From that point on, you should really, really read the entire article, but a couple of great quotes from this very solid dismissal of what Shaw proposes for the Civic Center Plaza include:
…Shaw supports a Reaganite trickle-down taxation policy, the man seems himself as a progressive, thanks largely to his distant but laudable history of eviction prevention and tenant defense. But now that Shaw has, through the favor of the Newsom administration, become one of the neighborhood’s biggest landlords, he seems disinclined to continue that history, though he won’t stop bragging about it.
…right now, we regularly have five food trucks in Civic Center Plaza during lunchtime. Shaw would like to see one “high quality, destination food truck…” (On a side note, doesn’t the notion of destination run counter to the purpose of food trucks?)
Right now, Chinese senior citizens use the Plaza for Fǎlún Gōng meditation and taìjí in the mornings. Shaw wants yoga.
And this yoga thing maybe gets to the crux of it: Yoga is wonderful as exercise and meditation, but let’s face it: Its primary appeal is not to the average resident of Tenderloin or SoMa residential hotels. But this doesn’t matter for Shaw’s vision for the economic development of these depressed neighborhoods: The development is not by us. It’s not for us. It’s not about us: It is, in Shaw’s own words, for the attraction of outside investment.
But Shaw’s underlying goal—a renewal of the Tenderloin—is, despite its violently misguided direction, rooted in some valid concerns.
The Tenderloin is vibrant and diverse.

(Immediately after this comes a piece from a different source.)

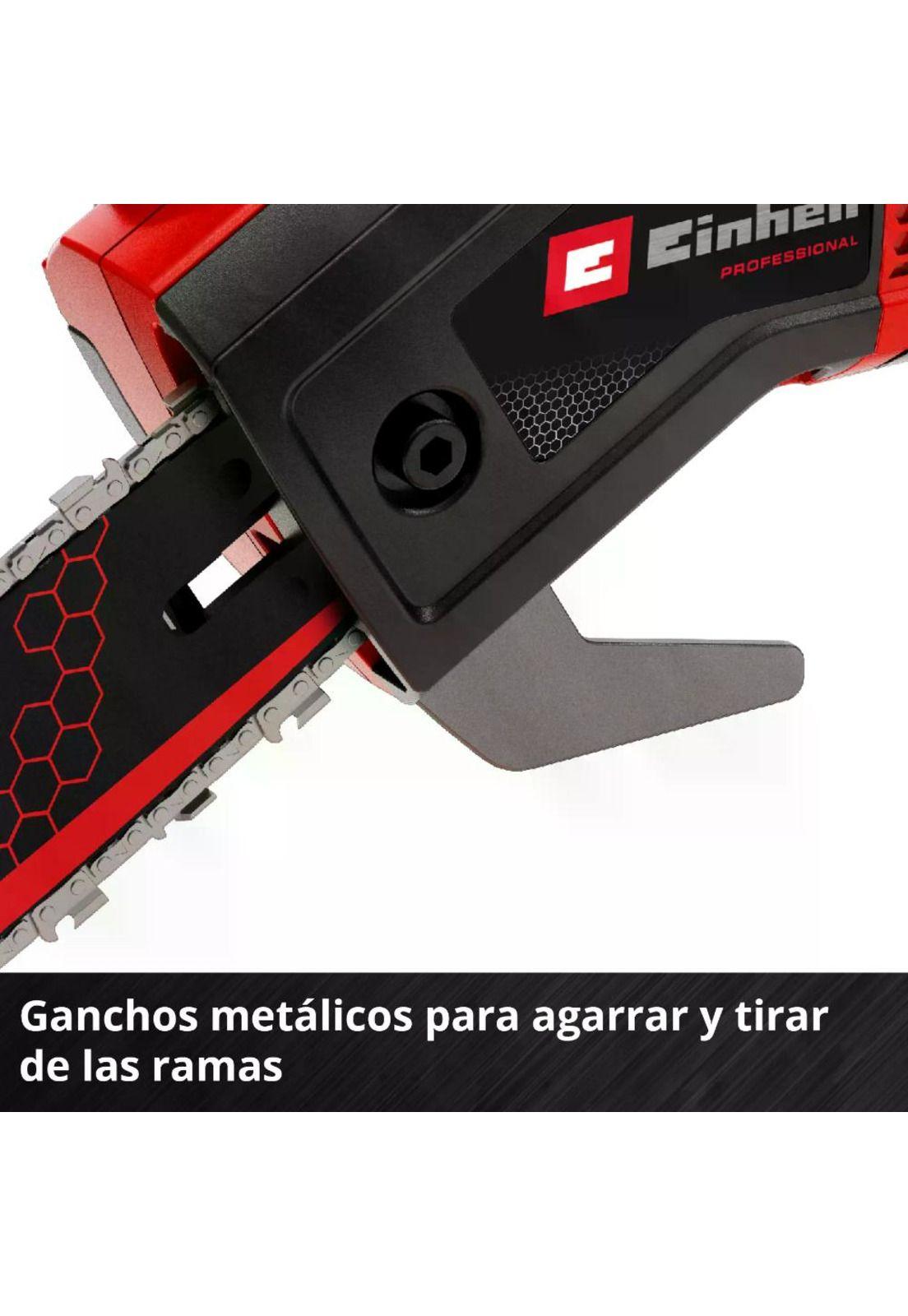 PODADOR ALTURA PROF EINHELL GP-LC 18V/20 S/B-C-7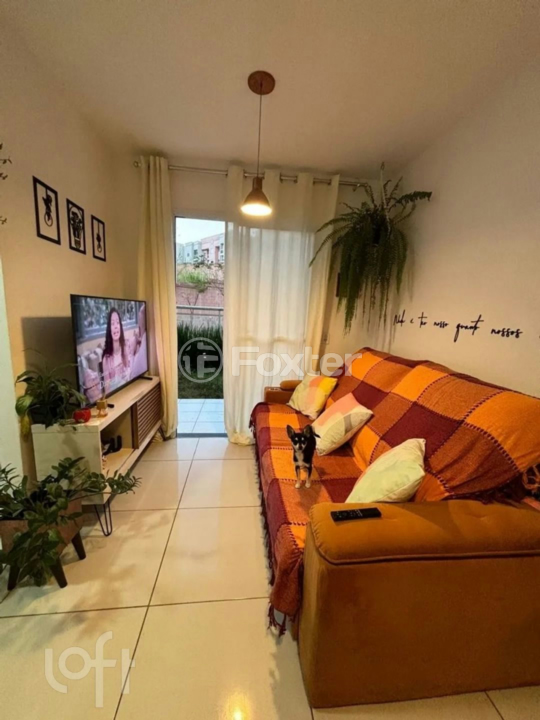 Apartamento à venda com 2 quartos, 80m² - Foto 1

It is more of a true neighborhood—where life is active on the streets and people know one another—than any other part of the city. But we all know that we have our problems.
But really, go have a read. This is an excellent article that I feel didn’t get nearly enough press as it’s based on the real Tenderloin and Civic Center neighborhood as it currently is, not some “Uptown Tenderloin” artificial-flavored delusion comprised of nebulous private security, a single food truck, and… oh why not, a unicorn petting zoo for the kiddies.